§ Task statement
Copy every record exactly, and keep the pictures out.

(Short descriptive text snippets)
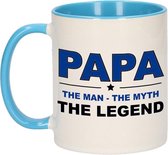 Papa the man the myth the legend cadeau mok / beker wit en blauw - 300 ml - verjaardag / Vaderdag - kado koffiemok / theebeker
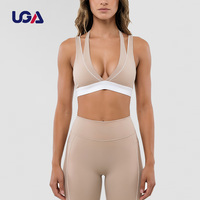 Set Yoga Wanita: Bra Olahraga Halter Berlapis Dua Warna Kontras dengan Legging Bergaris dan Detail Binding Kontras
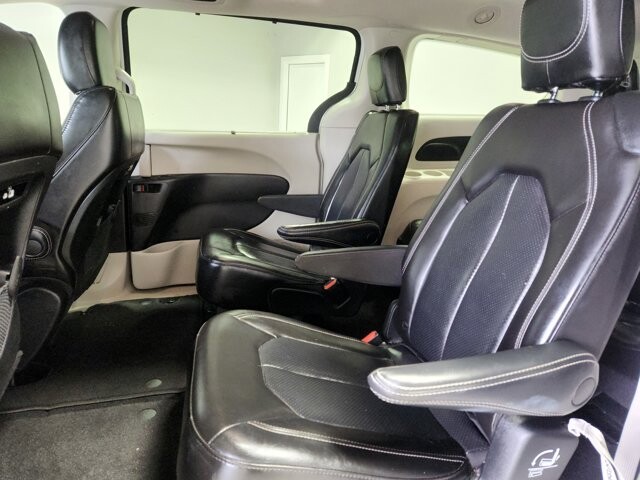 2023 Chrysler Pacifica in Cinnaminson, NJ 08077 - 18105350 12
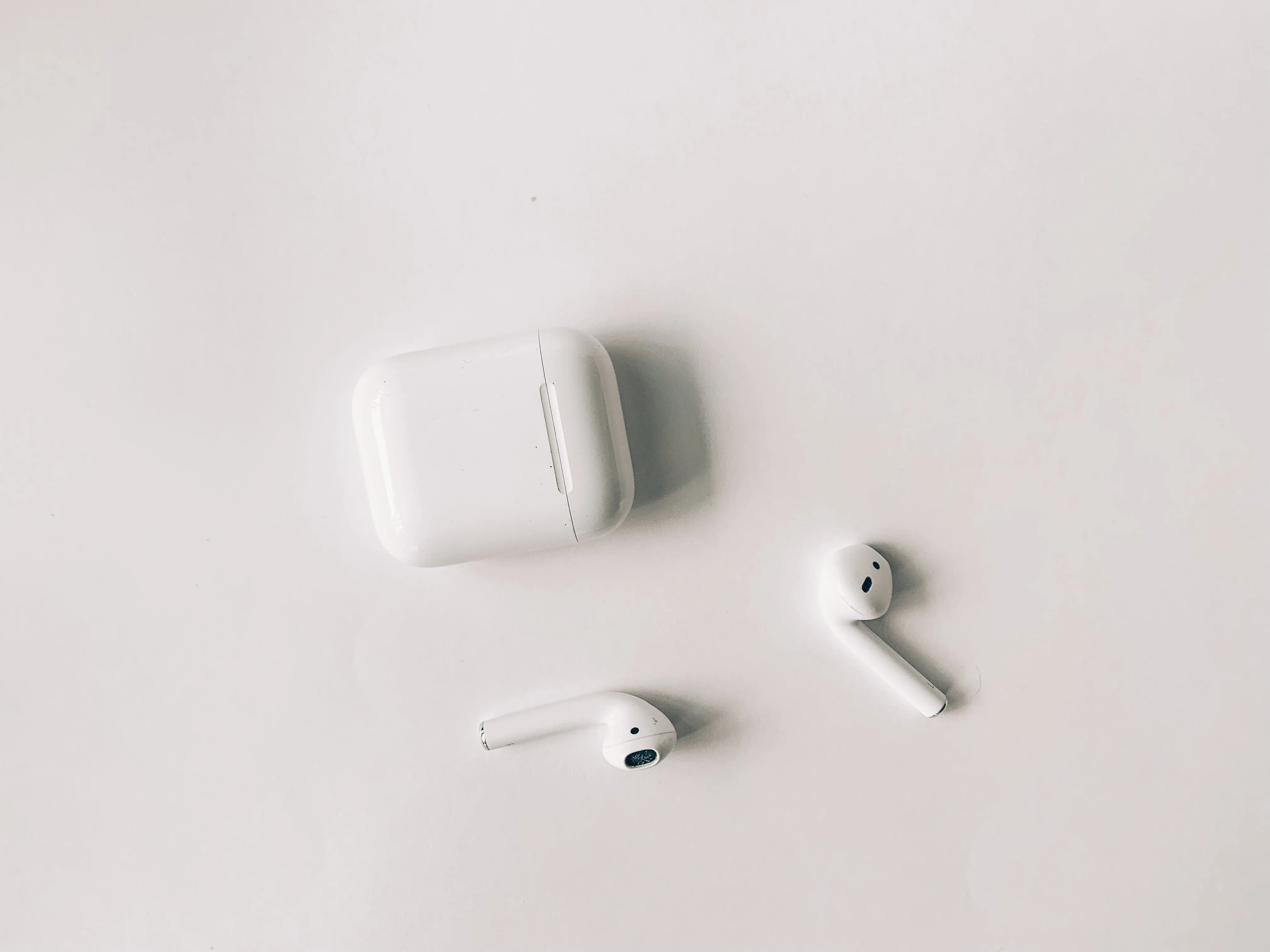 how to clean airpods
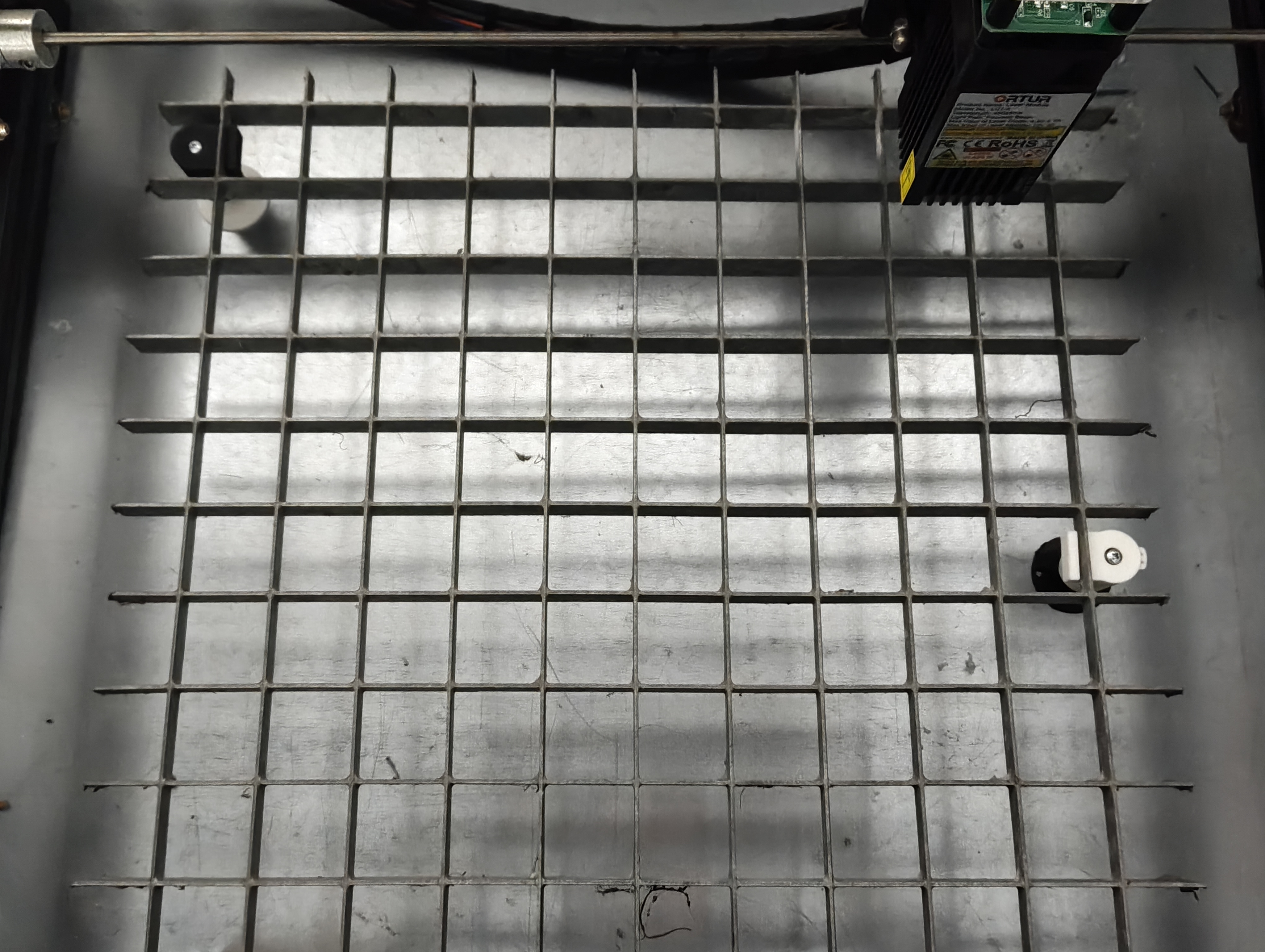 Adjustable leveling feet for a laser worktable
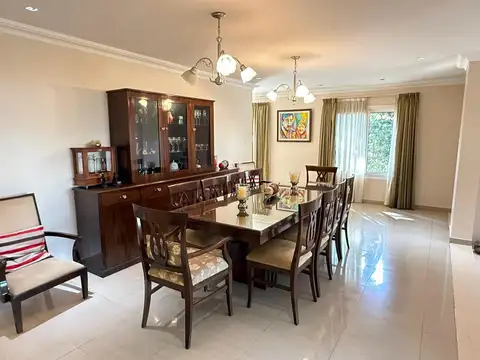 Casa 7 ambientes con 4 baños
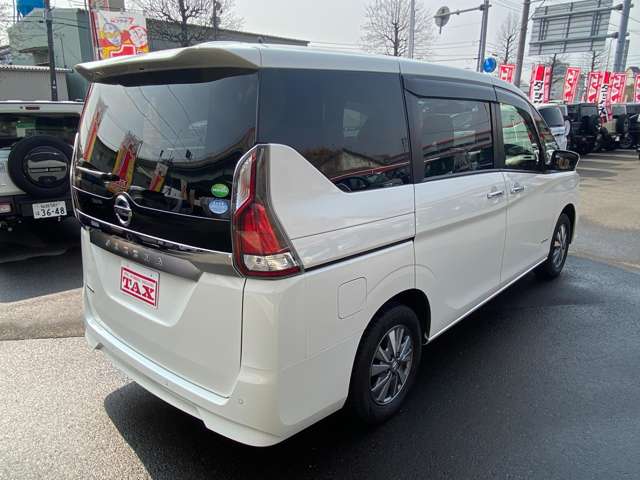 日産 セレナ ２．０ Ｘ ＶセレクションＩＩ ４ＷＤ H30年 (東北) 99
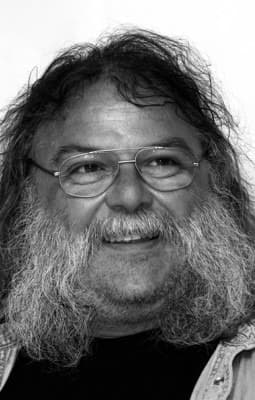 Dr. Wolfgang Bordel †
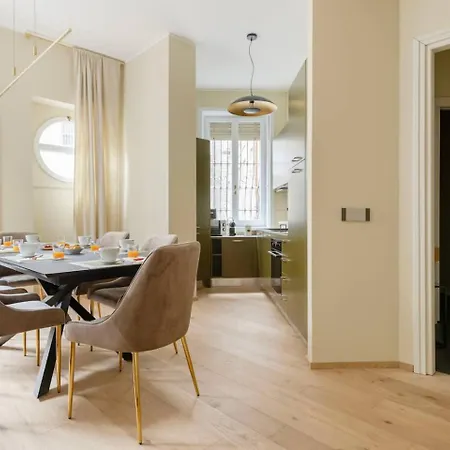 Luxurious Apartments In The Center Of Rome Rom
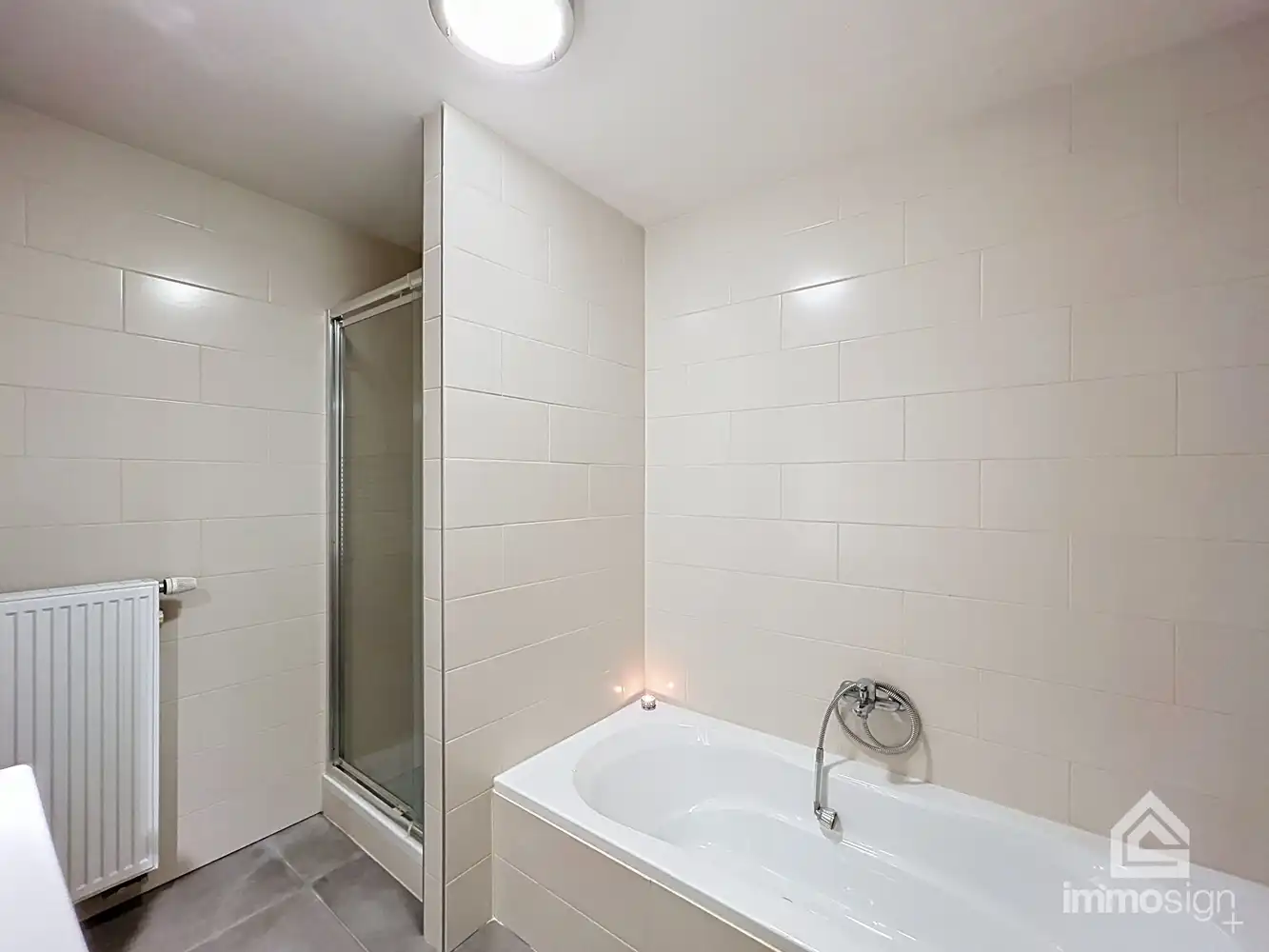 Stijlvolle villa met 5 volwaardige slaapkamers te Herk-de-stad! foto 43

§ Exercise output
 Papa the man the myth the legend cadeau mok / beker wit en blauw - 300 ml - verjaardag / Vaderdag - kado koffiemok / theebeker
 Set Yoga Wanita: Bra Olahraga Halter Berlapis Dua Warna Kontras dengan Legging Bergaris dan Detail Binding Kontras
 2023 Chrysler Pacifica in Cinnaminson, NJ 08077 - 18105350 12
 how to clean airpods
 Adjustable leveling feet for a laser worktable
 Casa 7 ambientes con 4 baños
 日産 セレナ ２．０ Ｘ ＶセレクションＩＩ ４ＷＤ H30年 (東北) 99
 Dr. Wolfgang Bordel †
 Luxurious Apartments In The Center Of Rome Rom
 Stijlvolle villa met 5 volwaardige slaapkamers te Herk-de-stad! foto 43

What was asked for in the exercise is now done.